As a “transition specialist,” Ryan is an artist, rolling with people’s various reactions to getting fired sometimes with strength as needed, sometimes with compassion and encouragement.  He is not their friend, he is not their enemy.  He is their guide in the journey from their old job to their new life.  Much as the people at Hilton, Hertz and American Airlines make Ryan’s journey smooth, he works to make the journey of the recently-terminated a bit more tolerable.

The film maintains tone well, has a strong style and point-of-view showing the world of travel through Ryan’s eyes at first and then letting realism creep in as Ryan comes to depend on people more and make himself vulnerable.  The ending is a calculated question that each viewer must answer to themselves.  It is a film that is easily read as provoking thoughts in the viewer such as “what is important in my life?

Extra features include a commentary with Director/Writer Reitman as well as Director of Photography Eric Steelberg and First Assistant Director Jason Blumfeld.  They discuss the casting, the actor’s performances, the pressures of their multi-location set, as well as editing and lighting and other appropriate matters for crew-end commentary.  The commentary is insightful, but not particularly remarkable as film commentaries go, with most material coming from Reitman himself, talking about his previous films and how they helped lead into Up in the Air.  In addition, there is a featurette about Shadowplay, the company which did the opening credits sequence for this and Reitman’s other two films, as well as deleted scenes and trailers.
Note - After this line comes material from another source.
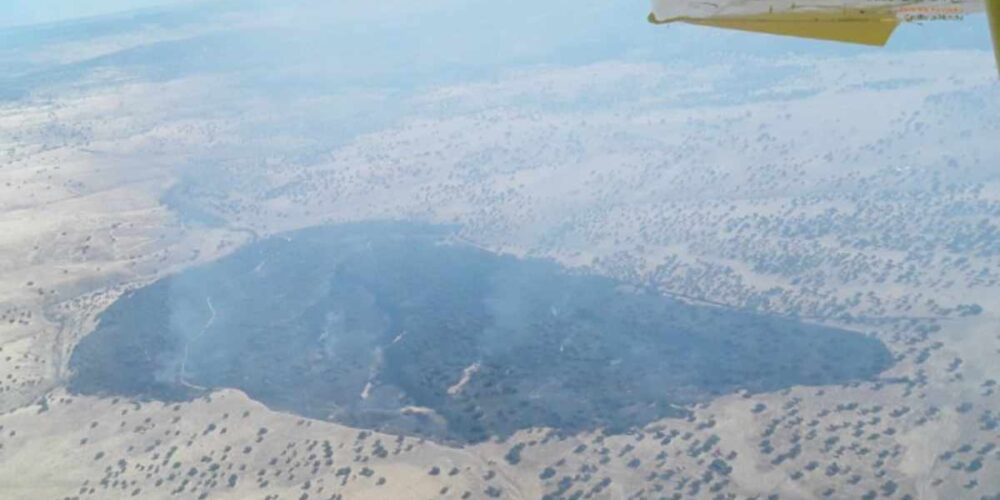 Incendio forestal en Brazatortas.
One of the sequences in the deleted scenes shows Ryan buying a condo in Omaha (instead of a rented one-bedroom) and nesting there, making a home for himself where previously, home had been the sky and the apartment was just the layover spot between trips.  It shows Ryan putting down roots and putting effort into a localized life – he goes running in the neighborhood instead of on a treadmill, shops for groceries, and tastes the life that he had shunned before.  I believe that this sequence’s omission in the film does the theatrical release a disservice, even though I understand Reitman’s commentary about why it was cut (he wanted to minimize the delay between two critical scenes, with Ryan & Alex at the wedding and then in Chicago).  However, as is, the ending of the film felt incomplete to me in a way that proved disappointing.   Ryan’s arc at the end of the film felt more complete when I mentally integrated the Omaha sequence into the film.

On the personal level, this film resonated with me a lot.  I mean a lot a lot.  I work as a traveling salesman, so I do a fair amount of flying, and a great deal of driving for work and staying in identical hotel rooms far away from the woman I love and my friends back home.  In Ryan I can see the elite status fliers that I see pass me in line, I see reflections of my boss and my boss’s boss, men who travel for a living, and have spent many years growing expert and comfortable with living out of suitcases and garment bags.  The isolation that the film clearly shows (first as irrelevant to Ryan, then deeply felt as the film goes on) is very real to me and I imagine to anyone who has to spend a reasonable or unreasonable number of nights each year away from home, sleeping in a foreign bed in a place that is not “home.”  Bingham has a good lesson to teach in the way he makes all places one place, collapsing the world into a string of experiences and moving confidently through the world of travel.

At the end of the day, I have to agree with what he says towards the end of the movie.  “If you think about it.  Your favorite memories, the most important moments in your life.  Were you alone?…Life’s better with company.  Everybody needs a co-pilot.”

Up in the Air is a brilliantly acted, stylish film that is highly topical and timely, emotionally resonant, and critically adored (with Golden Globe, Screen Actors’ Guild and Academy Award nominations among others).  It’s a good view for fans of subtle comedy, mature romance, and anyone who’s ever been fired, had to fire someone, or spent too many hours on flights, in airports, and away from the ones they love.